How to Cope with Four Great Disruptive Forces

No Ordinary DisruptionIn No Ordinary Disruption Richard Dobbs, James Manyika, and Jonathan Woetzel explain how to cope with “four global forces breaking all the trends”: emerging growth markets (including cities) as the new gravitational centers of economic activity, increasingly faster pace of technological breakthroughs and adoptions, aging demographics, and globalization of trade driven by rapidly increasing connectedness and interactivity.

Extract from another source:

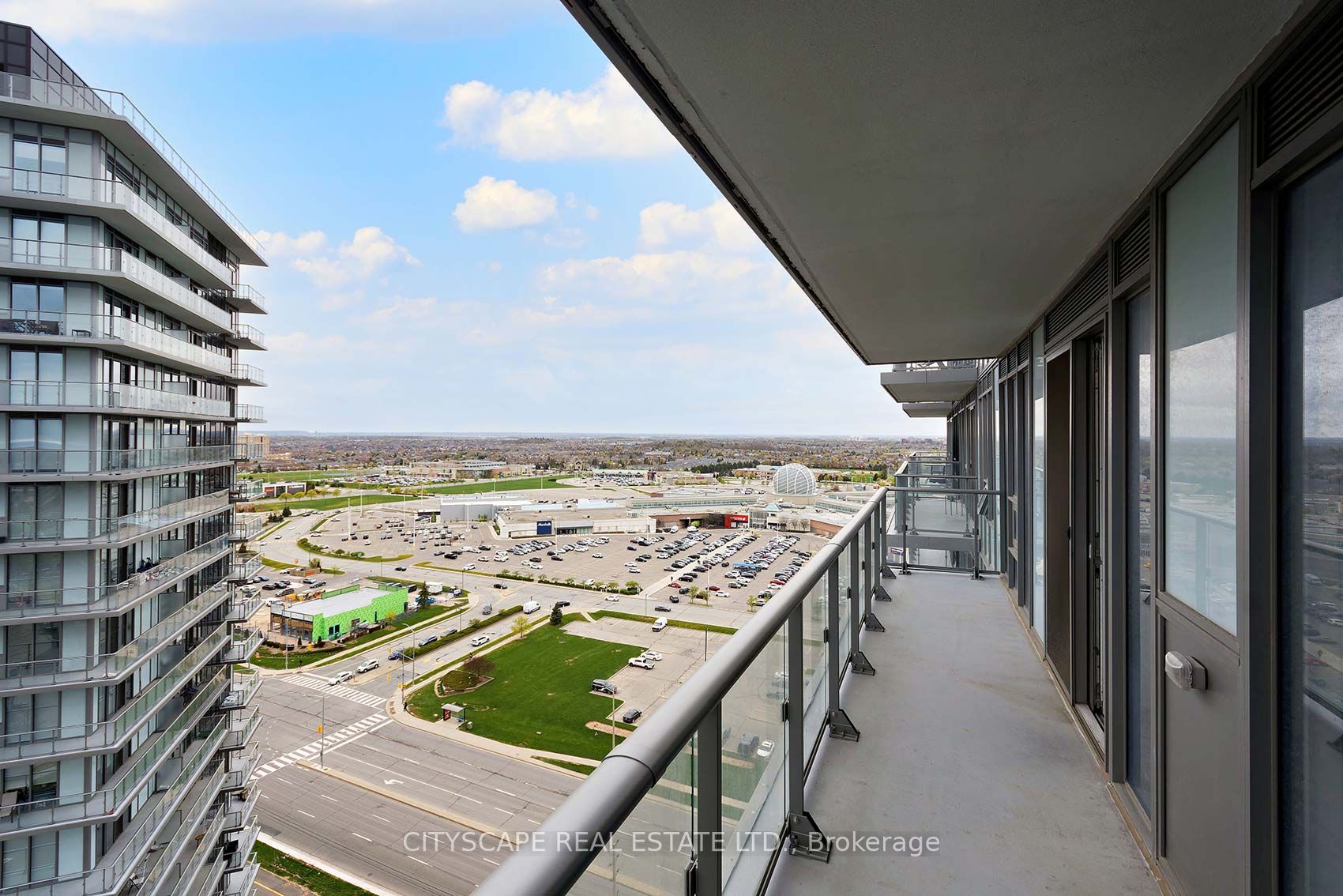 #1805 - 4675 Metcalfe Avenue Property Photo 15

With regard to emerging growth markets (including cities) as the new gravitational centers of economic activity, they offer five specific recommendations (Pages 23-30):

1. Get to know the newcomers…and others who do business with them.
2. Create new services…or new applications more appropriate to newcomers’ needs.
3. Tap urban talent and innovation pools…and seek the counsel of business school faculty and business journalists.
4. Think of cities as laboratories…and collaborate with new allies on low-cost, low-risk experiments
5. Manage operational complexity…especially costs and cultural sensitivities.

Dobbs, Manyika, and Woetzel: “The portraits we take of cities [and other emerging markets] must capture the dynamism underneath the surface and highlight the brightness of opportunities, while toning down the alarming flares of risk. Most of all, they must be able to project forward motion.”

Richard Dobbs is a director of the McKinsey Global Institute and a director in McKinsey’s London office, James Manyika is a director of the McKinsey Global Institute and a director in the San Francisco office, and Jonathan Woetzel is a director of the McKinsey Global Institute and a director in the Shanghai office.